If you're deaf, like Sung Man Lee, you can't hear someone's cell phone go off in your backswing, can't be distracted by someone jingling quarters when you're over a putt, can't be disturbed by some bozo in a cart slamming on the brakes like he is headed for a wall at Indy. You can't hear any of that.

But you can't hear a friend laugh or the wind blow, either. You can't hear the familiar percussion of your irons clanking together as they're carried down the fairway. You can't hear the thump of a bunker shot struck just right, the whoosh of a delayed hit, the comforting thud of an approach shot that barely clears a lake.

Should Lee's dream pan out some day, he won't be able to hear the gallery roar. That might be why there has never been a deaf golf star.

If feel instructs golfers, sound thrills them. If you're old enough, recall the first time you nailed a tee shot with a persimmon driver and heard that buttery click given up by the sweet spot. If you're too young for that, remember the first time you flushed an iron shot and the noise was a beautiful surprise, like a shout and a whisper at the same time.

"Hearing impaired since birth, Lee doesn't have the pleasure of those memories. "But I can feel a good shot," he said. That's "neukilsoo isseoyo" in Korean. Lee was in a rented home off the sixth fairway of the Nicklaus Tournament course at PGA West. His father, Kang Kun, and his mother, Sook Hie, were nearby. Lunch had been a bag of In-N-Out hamburgers. "I like everything about America," Lee said through his agent and interpreter, Michael Yim of IMG.

The family moved to the U.S. three years ago so Sung Man could further his golf. He likes "Walker, Texas Ranger" but stays in touch with his Korean friends, and brother, Sung Ju. E-mail helps with the 14-hour time difference between Lees' home in Irving, Texas -- where Kung Kan, an avid player, teaches golf to fellow Koreans -- and his native Chonan, a city of 330,000 about 50 miles from Seoul.
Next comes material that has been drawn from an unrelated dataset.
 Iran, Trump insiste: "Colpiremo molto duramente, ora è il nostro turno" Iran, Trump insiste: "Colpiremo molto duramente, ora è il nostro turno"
Lee was 8 when his father introduced him to golf. The game helped him develop confidence, and it didn't matter if he used sign language (he doesn't) or read lips (he does, but only Korean speakers). The family's count of 2,000 balls a day seems improbable, but Kang Kun said, "He practiced so hard his fingerprints were almost erased." By any measure, Sung Man was hooked, and he was good. When he was 9, he broke 90. When he was 18, he won the Korean Amateur.

This was the second time in three years Lee has advanced to the final stage of Q school. He got this far in 2000, when, like last week, he earned conditional status on the Nationwide Tour. With his shock of thick black hair hidden under a bucket hat, he has a smooth and powerful swing, the pace of a pretty song he cannot hear.

He is striving to get his scores as consistent as his tempo. At second stage this year, he shot 79-65-72-81. Last week, he was in position to earn full privileges on the Nationwide Tour but shot a fifth-round 81. "He's real close," said veteran Shane Bertsch, who played with him Sunday. "He has a lot of shots, and he's a great putter."

Lee closed with a 68. He knows what a birdie feels like. He wonders about the birds.